[Source data]

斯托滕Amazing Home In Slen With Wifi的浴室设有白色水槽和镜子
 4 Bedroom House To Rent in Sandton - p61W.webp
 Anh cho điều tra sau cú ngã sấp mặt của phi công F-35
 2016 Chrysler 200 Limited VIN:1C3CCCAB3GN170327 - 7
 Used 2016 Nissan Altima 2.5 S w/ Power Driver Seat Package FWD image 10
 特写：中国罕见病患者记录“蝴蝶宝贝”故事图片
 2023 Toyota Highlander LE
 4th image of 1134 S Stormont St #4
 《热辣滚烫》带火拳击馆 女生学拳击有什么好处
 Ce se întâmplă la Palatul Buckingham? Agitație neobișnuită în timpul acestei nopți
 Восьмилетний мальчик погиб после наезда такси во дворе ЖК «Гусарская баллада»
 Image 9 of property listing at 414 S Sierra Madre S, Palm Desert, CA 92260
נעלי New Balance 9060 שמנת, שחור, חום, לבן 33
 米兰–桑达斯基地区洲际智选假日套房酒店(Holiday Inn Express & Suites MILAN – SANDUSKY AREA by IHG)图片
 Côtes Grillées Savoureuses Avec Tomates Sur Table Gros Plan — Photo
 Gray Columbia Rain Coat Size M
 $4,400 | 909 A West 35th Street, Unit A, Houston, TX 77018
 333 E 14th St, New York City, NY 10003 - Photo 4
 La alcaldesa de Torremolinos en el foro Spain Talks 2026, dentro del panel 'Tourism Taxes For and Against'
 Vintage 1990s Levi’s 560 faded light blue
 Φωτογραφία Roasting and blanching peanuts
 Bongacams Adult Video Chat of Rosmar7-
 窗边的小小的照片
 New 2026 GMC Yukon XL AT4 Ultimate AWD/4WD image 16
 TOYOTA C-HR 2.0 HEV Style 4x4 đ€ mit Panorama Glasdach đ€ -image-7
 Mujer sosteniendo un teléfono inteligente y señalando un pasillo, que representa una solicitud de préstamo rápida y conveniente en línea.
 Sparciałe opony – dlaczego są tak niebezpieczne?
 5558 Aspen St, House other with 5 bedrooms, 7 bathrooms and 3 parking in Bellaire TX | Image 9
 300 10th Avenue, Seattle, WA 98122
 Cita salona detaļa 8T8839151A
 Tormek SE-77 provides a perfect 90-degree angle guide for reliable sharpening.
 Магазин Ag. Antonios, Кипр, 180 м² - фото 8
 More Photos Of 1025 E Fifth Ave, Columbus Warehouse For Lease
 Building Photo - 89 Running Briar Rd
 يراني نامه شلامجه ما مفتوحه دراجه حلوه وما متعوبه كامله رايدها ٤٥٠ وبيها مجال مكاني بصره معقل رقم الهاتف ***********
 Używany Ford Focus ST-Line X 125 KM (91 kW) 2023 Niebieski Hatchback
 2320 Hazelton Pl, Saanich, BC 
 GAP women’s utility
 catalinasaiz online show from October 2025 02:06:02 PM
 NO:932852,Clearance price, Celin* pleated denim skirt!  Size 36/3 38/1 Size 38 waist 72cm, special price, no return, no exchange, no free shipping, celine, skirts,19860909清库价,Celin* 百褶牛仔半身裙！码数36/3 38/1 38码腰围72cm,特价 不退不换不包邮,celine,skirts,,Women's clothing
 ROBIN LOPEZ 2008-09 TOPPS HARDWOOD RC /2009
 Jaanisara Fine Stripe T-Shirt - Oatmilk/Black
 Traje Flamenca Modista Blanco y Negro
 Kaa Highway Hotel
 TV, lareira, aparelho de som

[/Source data]

▶ [Work order] All lines above from the line with "New 2026 GMC" through the line with "Building Photo - 89 Running Briar Rd", both included, are to be set down exactly, with nothing else.

▶ [Response to this exercise]
 New 2026 GMC Yukon XL AT4 Ultimate AWD/4WD image 16
 TOYOTA C-HR 2.0 HEV Style 4x4 đ€ mit Panorama Glasdach đ€ -image-7
 Mujer sosteniendo un teléfono inteligente y señalando un pasillo, que representa una solicitud de préstamo rápida y conveniente en línea.
 Sparciałe opony – dlaczego są tak niebezpieczne?
 5558 Aspen St, House other with 5 bedrooms, 7 bathrooms and 3 parking in Bellaire TX | Image 9
 300 10th Avenue, Seattle, WA 98122
 Cita salona detaļa 8T8839151A
 Tormek SE-77 provides a perfect 90-degree angle guide for reliable sharpening.
 Магазин Ag. Antonios, Кипр, 180 м² - фото 8
 More Photos Of 1025 E Fifth Ave, Columbus Warehouse For Lease
 Building Photo - 89 Running Briar Rd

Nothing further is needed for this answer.